EXPERIMENTAL/INVESTIGATIONAL

Although the FDA has approved devices for quantitative sensory testing (QST), the Company has determined that the safety and/or effectiveness of this procedure for diagnosing and/or managing a disease cannot be established by review of the available published peer-reviewed literature. Therefore, QST for diagnosing and/or managing a disease is considered experimental/investigational by the Company and not covered.

AUTOMATED COMPUTERIZED PORTABLE HAND-HELD DEVICES

Noninvasive electrodiagnostic testing with automated computerized portable hand-held devices, which are incapable of real-time waveform display and analysis, whether or not it is performed as part of an evaluation and management (E&M) service, is not eligible for separate reimbursement.

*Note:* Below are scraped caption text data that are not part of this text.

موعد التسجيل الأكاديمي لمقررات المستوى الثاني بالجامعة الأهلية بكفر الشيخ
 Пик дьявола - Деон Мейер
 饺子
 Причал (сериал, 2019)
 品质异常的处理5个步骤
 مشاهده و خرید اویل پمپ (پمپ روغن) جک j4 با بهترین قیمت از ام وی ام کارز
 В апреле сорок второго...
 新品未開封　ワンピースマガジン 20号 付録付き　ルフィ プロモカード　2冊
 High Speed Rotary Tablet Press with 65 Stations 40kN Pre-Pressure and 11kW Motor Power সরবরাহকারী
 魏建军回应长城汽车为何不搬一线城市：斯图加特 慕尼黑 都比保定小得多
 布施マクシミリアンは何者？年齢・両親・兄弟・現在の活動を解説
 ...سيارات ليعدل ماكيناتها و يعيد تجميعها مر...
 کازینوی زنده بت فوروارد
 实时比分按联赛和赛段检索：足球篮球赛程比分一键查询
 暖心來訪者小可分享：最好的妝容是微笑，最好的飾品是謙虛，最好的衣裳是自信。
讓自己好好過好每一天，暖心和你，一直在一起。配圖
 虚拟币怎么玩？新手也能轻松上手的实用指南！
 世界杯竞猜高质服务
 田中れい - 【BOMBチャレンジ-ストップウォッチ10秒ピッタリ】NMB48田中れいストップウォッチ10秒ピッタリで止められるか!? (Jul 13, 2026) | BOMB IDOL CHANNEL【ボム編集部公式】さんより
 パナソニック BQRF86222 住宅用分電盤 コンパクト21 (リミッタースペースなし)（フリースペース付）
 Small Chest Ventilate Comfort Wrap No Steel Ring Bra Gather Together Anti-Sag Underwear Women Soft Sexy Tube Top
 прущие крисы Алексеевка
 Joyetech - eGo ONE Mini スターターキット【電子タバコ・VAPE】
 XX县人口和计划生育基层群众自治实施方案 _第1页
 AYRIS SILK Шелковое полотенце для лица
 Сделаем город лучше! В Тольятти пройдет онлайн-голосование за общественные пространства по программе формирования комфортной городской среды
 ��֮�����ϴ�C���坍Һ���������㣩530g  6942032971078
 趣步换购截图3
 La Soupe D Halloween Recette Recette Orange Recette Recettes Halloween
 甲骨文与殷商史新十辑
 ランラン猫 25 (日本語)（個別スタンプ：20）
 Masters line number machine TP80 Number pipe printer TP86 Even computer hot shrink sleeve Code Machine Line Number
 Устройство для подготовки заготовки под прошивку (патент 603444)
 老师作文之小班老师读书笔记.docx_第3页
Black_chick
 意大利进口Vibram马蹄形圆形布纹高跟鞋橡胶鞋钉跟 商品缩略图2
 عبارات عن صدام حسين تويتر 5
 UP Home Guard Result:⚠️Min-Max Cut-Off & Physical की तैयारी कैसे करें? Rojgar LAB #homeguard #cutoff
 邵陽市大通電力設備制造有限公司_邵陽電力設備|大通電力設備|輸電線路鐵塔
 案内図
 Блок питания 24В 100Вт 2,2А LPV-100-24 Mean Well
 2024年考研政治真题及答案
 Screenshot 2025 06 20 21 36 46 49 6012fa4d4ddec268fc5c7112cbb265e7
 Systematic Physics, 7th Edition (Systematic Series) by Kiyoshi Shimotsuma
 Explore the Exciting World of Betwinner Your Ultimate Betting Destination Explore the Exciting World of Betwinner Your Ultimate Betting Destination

PROFESSIONAL AND TECHNICAL REIMBURSEMENT
  • Only physicians (MD/DO) are eligible to receive reimbursement for the professional component of NCS.
  • Nonphysician professional providers are only eligible to receive reimbursement for the technical component of NCS.
STATE OF NEW JERSEY

In the state of New Jersey, as defined by the scope of practice regulations, only a physician may perform needle EMG studies.

REQUIRED DOCUMENTATION

Documentation of the performing professional provider's qualifications must be made available to the Company upon request.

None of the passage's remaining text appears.